Work to be completed ▸
Taking the data below, please print only the lines from the line holding "Cozy apartment steps" to the line holding "1620 Nia Road", inclusive, with pictures omitted.

Dataset entries ▸
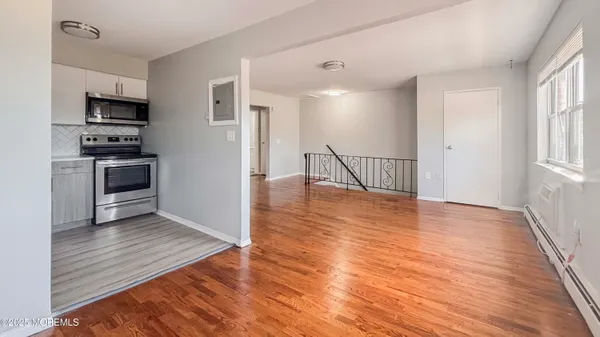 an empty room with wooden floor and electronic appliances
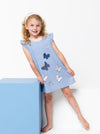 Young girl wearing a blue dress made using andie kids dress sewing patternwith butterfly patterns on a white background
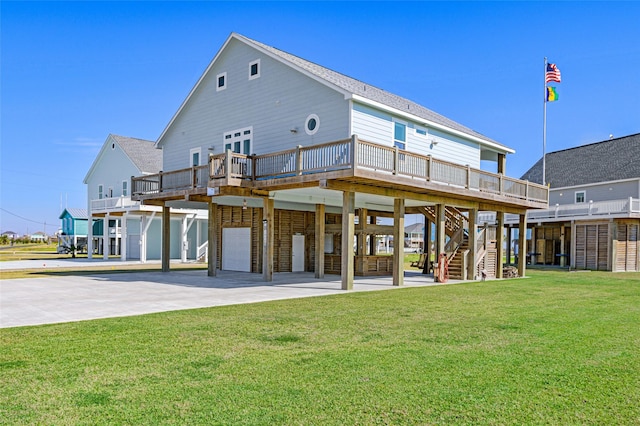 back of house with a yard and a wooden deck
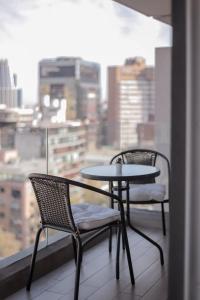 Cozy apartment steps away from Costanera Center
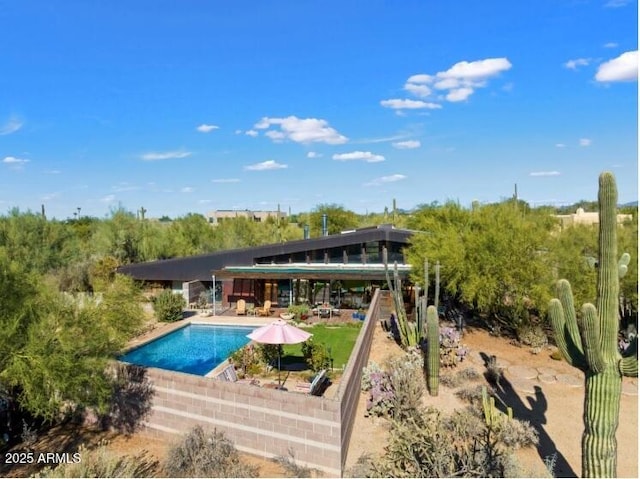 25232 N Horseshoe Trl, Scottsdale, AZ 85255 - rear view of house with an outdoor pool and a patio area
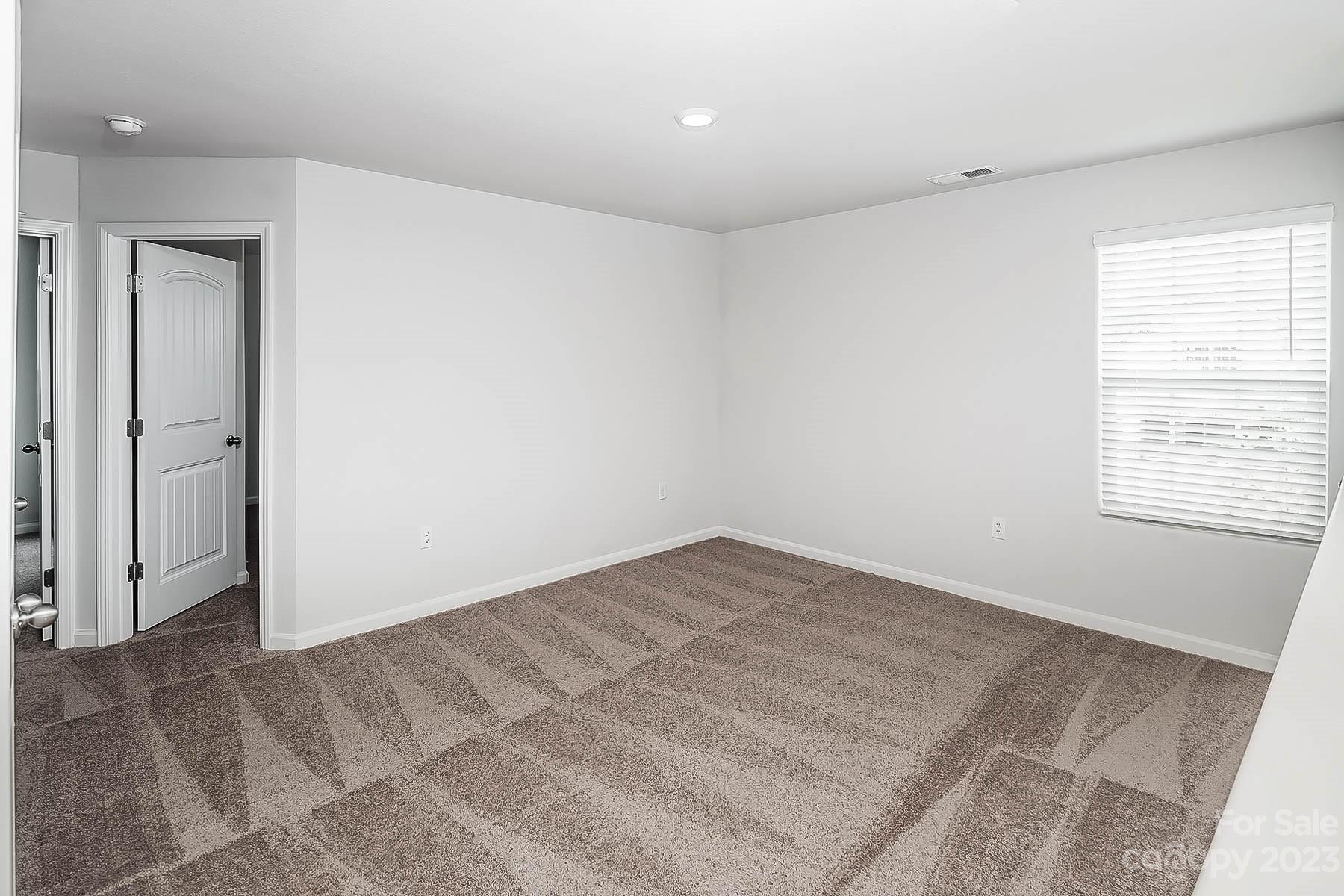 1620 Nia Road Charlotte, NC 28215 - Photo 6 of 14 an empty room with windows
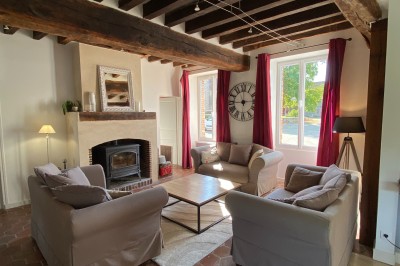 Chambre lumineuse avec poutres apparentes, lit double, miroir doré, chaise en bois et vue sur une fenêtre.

Written solution ▸
 Cozy apartment steps away from Costanera Center
 25232 N Horseshoe Trl, Scottsdale, AZ 85255 - rear view of house with an outdoor pool and a patio area
 1620 Nia Road Charlotte, NC 28215 - Photo 6 of 14 an empty room with windows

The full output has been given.